───── DATASET EXCERPTS ─────
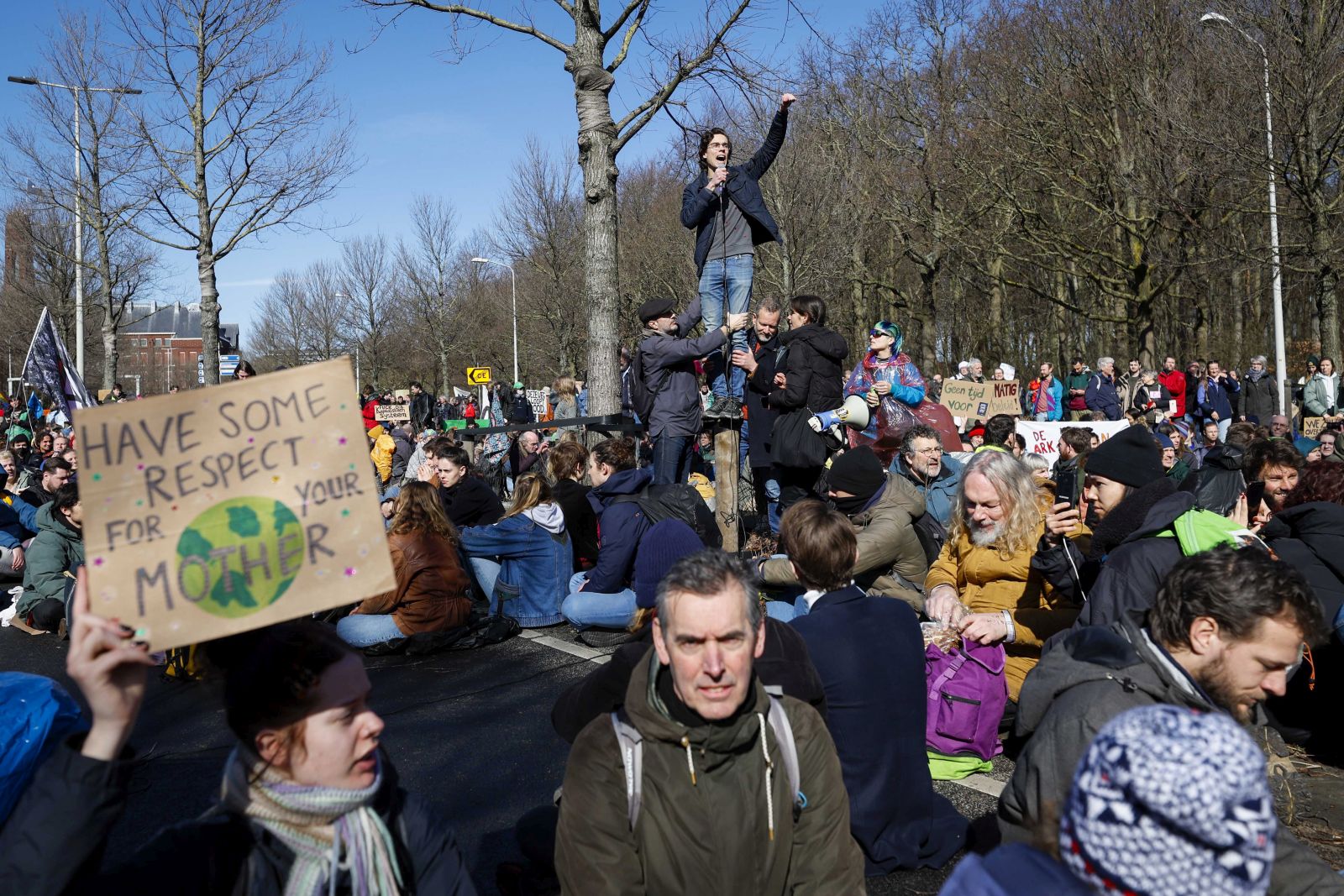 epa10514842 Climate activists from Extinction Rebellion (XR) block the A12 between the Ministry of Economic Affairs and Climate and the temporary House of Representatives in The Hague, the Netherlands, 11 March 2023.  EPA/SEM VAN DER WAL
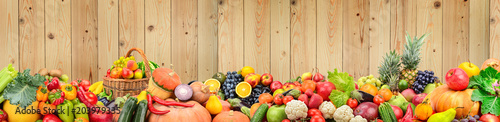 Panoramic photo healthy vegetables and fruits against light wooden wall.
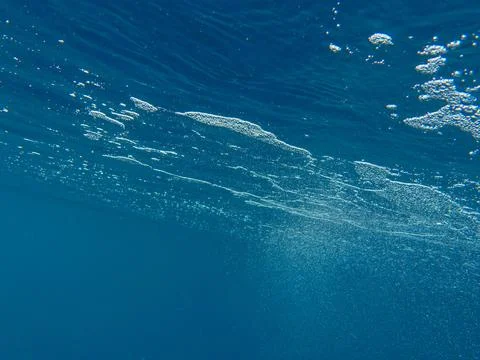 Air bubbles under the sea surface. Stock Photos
─────
───── DATASET EXCERPTS ─────
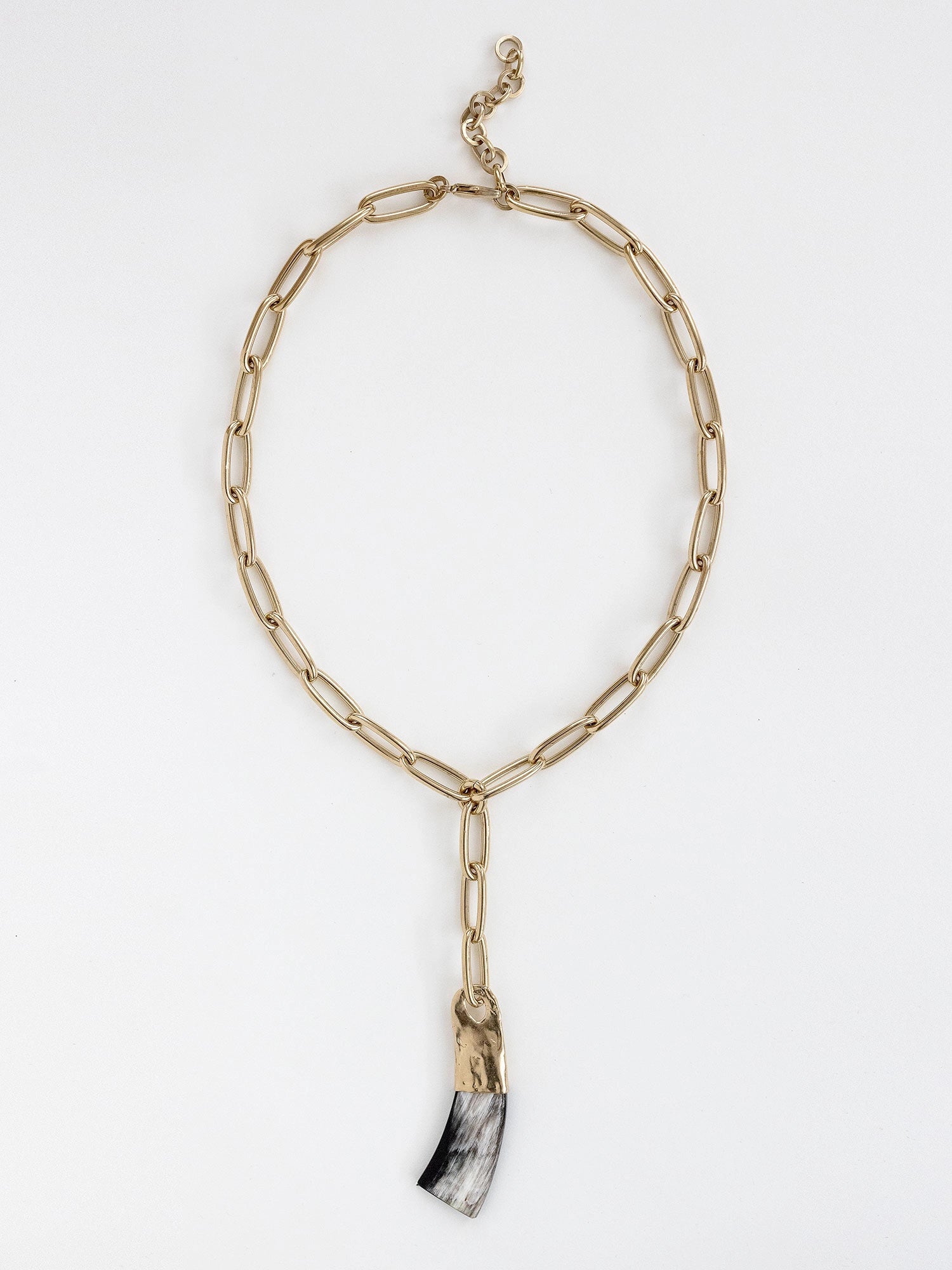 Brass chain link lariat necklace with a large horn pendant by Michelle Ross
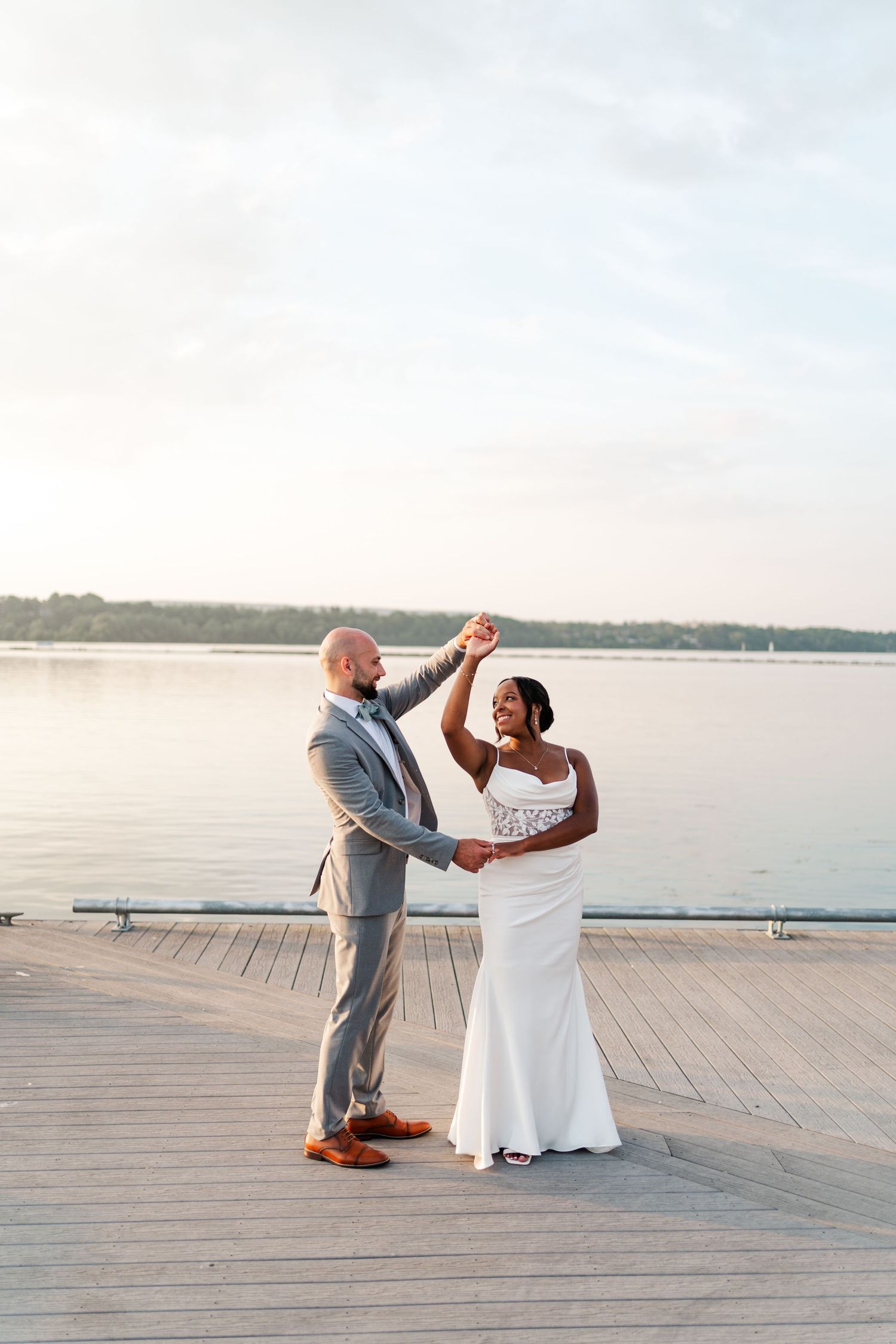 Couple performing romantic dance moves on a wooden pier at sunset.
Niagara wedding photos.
─────
WHAT YOU ARE ASKED TO DO: Using the records above, print exactly the run of lines that starts with the line with "Couple performing romantic" and goes on through the line with "Niagara wedding photos.", pictures excluded.

SOLVED PROBLEM:
 Couple performing romantic dance moves on a wooden pier at sunset.
Niagara wedding photos.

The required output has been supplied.